The 23-year-old Tennessee native learned there might be a connection between a new $2.5 million endowed chair in Islamic studies at the divinity school and an Arab cultural center that promotes Holocaust deniers, and anti-Semitic and anti-American concepts.
Harvard had accepted the $2.5 million gift from Sheikh Zayed bin Sultan al-Nahyan, president of the United Arab Emirates, in July 2000. The money would fund the Sheikh Zayed Al Nahyan Professorship in Islamic Religious Studies.
It would "promote a better understanding of Islam among the non-Muslim peoples of the world," the divinity school said at the time.
Fish wanted to learn more about the connection between the Arab leader, who has been the UAE’s unelected president since 1971, and the Zayed Center for Coordination and Follow-Up that bears his name. The center, approved by the Arab League in 1999, says it promotes the unification of Arab nations through historical and cultural education.
So over the next few months she and two other students scoured the Internet and other resources.
"We did about 31/2 months of research, looking at Web sites, publications, news releases, lectures and articles," Fish told The Jewish Week.
What they found, she said, was chilling and prompted Fish to demand that Harvard return the gift: The Zayed Center not only bore the UAE president’s name but was "the fulfillment of the vision of Sheikh Zayed," according to its Web site.
That vision, Fish discovered, apparently included the center offering programs such as "Zionist Collusion with the Nazis" and "Jewish Control of the American Government and Media."
Its executive director began a symposium at the center by calling Jews "the enemies of all nations," she said. Fish said she found a Zayed Center report stating that "the Zionists are the people who killed the Jews in Europe."
She discovered that in April 2002 the Zayed Center hosted Thierry Meyssan, French author of "The Appalling Fraud," which claims that America was behind the Sept. 11 attacks and also widely promotes the book. And Fish learned that Zayed’s wife donated $50,000 to Holocaust denier Roger Garaudy.

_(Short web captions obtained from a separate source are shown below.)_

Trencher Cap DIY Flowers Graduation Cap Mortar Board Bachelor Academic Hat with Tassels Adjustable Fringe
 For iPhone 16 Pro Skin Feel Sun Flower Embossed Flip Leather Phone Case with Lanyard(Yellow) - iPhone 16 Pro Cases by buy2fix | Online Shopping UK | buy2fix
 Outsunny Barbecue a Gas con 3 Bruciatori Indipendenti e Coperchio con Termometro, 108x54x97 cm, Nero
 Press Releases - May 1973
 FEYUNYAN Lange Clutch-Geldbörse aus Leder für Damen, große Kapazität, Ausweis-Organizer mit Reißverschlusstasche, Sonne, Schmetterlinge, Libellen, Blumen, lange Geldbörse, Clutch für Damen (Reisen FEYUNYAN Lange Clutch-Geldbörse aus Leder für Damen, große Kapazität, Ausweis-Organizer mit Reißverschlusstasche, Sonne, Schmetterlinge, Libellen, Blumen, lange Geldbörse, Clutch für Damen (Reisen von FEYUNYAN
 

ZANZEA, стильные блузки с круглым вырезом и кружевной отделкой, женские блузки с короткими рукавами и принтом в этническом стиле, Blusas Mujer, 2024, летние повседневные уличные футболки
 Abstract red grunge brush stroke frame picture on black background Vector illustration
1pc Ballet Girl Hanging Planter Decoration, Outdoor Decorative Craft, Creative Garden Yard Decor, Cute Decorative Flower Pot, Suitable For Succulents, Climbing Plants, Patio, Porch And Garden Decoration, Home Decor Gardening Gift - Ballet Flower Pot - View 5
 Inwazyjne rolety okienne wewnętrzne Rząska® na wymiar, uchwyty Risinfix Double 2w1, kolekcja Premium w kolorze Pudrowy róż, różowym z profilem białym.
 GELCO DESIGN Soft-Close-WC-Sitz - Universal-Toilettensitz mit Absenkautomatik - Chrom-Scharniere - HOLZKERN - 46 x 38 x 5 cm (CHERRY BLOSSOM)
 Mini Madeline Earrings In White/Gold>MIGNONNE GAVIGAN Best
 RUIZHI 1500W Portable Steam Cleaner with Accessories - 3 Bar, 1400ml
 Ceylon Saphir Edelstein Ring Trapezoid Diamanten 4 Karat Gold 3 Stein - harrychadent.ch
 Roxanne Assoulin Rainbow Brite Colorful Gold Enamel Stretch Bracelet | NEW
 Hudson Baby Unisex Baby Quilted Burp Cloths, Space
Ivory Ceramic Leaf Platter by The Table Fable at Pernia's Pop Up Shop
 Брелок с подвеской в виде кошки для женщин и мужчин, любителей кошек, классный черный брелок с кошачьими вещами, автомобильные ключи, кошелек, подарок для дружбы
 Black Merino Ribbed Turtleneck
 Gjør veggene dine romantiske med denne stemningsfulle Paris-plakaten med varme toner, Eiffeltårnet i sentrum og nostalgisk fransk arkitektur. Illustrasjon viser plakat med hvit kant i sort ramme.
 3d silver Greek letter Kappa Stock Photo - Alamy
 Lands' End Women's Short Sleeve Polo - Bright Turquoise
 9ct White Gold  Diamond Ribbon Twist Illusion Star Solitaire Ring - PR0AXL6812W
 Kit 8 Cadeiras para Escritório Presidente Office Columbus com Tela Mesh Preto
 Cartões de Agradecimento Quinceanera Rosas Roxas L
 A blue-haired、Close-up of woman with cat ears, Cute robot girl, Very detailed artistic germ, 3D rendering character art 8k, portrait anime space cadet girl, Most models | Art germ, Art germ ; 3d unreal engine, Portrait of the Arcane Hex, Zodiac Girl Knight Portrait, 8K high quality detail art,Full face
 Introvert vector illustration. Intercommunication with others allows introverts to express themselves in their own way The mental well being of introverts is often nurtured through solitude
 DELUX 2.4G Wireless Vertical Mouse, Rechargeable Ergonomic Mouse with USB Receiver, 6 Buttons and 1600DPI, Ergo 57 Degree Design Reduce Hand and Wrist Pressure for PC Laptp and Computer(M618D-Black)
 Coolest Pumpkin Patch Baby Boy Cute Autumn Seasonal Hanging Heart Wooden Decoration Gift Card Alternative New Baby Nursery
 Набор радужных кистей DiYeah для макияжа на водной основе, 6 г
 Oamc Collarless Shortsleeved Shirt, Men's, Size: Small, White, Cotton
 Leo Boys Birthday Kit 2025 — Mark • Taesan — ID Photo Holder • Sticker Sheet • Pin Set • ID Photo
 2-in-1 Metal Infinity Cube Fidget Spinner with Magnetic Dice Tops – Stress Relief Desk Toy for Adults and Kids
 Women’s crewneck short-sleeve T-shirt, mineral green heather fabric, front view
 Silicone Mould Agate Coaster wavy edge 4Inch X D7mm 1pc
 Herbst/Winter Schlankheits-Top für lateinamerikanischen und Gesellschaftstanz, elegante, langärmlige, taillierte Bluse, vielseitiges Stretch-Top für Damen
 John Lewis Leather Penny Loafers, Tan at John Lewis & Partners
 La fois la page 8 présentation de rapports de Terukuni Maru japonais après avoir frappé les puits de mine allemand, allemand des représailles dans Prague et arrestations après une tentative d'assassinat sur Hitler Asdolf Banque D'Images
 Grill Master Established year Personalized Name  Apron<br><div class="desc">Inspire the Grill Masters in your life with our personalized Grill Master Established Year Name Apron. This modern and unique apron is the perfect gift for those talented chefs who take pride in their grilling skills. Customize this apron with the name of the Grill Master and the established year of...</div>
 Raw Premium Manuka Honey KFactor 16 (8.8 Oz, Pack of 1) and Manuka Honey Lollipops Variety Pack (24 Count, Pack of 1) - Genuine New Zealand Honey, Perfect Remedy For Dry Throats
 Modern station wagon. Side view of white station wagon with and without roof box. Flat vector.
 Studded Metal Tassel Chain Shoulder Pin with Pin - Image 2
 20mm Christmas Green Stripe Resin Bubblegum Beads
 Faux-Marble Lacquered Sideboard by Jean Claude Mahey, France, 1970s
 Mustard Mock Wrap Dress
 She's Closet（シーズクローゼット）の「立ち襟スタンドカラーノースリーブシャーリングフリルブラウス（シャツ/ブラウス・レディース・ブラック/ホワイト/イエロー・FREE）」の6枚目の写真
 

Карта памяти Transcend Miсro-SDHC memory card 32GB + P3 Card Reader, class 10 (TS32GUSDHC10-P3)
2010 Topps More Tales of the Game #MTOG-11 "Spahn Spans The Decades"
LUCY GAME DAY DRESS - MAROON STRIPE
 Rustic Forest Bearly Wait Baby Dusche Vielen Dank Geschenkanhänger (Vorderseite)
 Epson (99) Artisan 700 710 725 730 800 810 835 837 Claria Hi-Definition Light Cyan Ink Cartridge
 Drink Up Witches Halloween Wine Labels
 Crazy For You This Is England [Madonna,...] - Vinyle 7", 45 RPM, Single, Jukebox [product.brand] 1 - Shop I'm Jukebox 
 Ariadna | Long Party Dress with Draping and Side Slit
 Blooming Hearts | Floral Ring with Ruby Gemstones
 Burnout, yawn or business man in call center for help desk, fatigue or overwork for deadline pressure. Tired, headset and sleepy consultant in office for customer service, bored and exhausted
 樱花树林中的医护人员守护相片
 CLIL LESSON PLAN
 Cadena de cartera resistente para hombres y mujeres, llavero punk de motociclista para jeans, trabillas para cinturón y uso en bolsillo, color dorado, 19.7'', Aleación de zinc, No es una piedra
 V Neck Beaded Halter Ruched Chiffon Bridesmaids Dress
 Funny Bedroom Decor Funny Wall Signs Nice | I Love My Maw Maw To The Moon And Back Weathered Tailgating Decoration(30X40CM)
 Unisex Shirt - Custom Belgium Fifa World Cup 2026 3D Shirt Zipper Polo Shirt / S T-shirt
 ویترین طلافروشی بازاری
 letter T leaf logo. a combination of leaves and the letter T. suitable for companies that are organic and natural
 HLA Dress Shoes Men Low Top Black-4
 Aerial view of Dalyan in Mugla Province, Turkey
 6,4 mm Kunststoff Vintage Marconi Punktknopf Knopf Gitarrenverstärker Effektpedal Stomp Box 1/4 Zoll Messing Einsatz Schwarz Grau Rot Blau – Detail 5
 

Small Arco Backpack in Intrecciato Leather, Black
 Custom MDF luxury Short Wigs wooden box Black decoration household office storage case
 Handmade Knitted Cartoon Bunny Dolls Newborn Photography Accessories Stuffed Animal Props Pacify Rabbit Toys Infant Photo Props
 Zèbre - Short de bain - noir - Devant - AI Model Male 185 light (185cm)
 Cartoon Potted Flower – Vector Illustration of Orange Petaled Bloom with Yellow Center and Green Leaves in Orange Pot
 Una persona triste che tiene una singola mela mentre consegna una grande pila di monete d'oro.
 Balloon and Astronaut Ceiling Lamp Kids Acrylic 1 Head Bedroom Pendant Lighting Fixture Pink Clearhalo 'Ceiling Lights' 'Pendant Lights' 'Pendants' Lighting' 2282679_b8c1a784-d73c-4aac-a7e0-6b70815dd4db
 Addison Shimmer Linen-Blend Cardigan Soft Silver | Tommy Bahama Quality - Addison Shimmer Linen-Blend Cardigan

Asked about the connection between the center’s problematic programs and the sheik himself, Fish insisted "it’s all being said in his vision."
In March, she presented her findings to Divinity School Dean William Graham.
"He said he’d have a research team look into it and get back to me in four to six weeks," Fish said.
But when eight weeks went by and there was no word, Fish said she agreed to answer media questions from Boston newspapers and television stations, after notifying Graham.
Since then it was revealed that the Zayed Center last month hosted Saudi Professor Umayma Jalahma, who made headlines last year when she wrote an editorial in a Saudi paper claiming that Jews use human blood to make Purim hamantaschen.
The center also has hosted former President Jimmy Carter and Neil Bush, a brother of President George W. Bush.
In demanding that Harvard return Zayed’s gift, Fish, who is working on a master’s degree in Jewish and Islamic thought, said: "I absolutely agree that an Islamic chair needs to be at Harvard. However, the funding for that position needs to come from a reputable source that promotes tolerance and pluralism rather than hatred and intolerance. You can’t accept money from individuals associated with an organization that promulgates blood libel in the 21st century and denies the atrocities of the Holocaust."
The controversy at the divinity school is the latest involving charges of anti-Semitism on the Cambridge campus. Earlier this year, in a battle over free speech, noted Irish poet Tom Paulin was invited, uninvited and reinvited to read from his works at Harvard, which some found replete with anti-Jewish and anti-Zionist sentiments.
And last fall, Summers made headlines when he described a national campaign by pro-Palestinian forces calling for universities to divest from Israel as anti-Semitic "in their effect if not in their intent."
Fish says there are "plenty of legitimate Muslim and Arab organizations that could fund this kind of position at Harvard."
This week, Fish launched a Web site late last week featuring her research and an on-line petition calling for Harvard to return the sheik’s money. Some 288 people had signed the petition as of early this week.
"We support the creation of a chair in Islamic studies but … Harvard cannot accept money from donors who oppress and abuse their own citizens, spread Holocaust denial and anti-Semitism, promote hatred of Americans, and validate conspiracy theories about September 11th," the petition states.
It cites Amnesty International’s report about the UAE’s "shameful human rights record, which includes … corporal punishment of dissidents and dictatorial governance."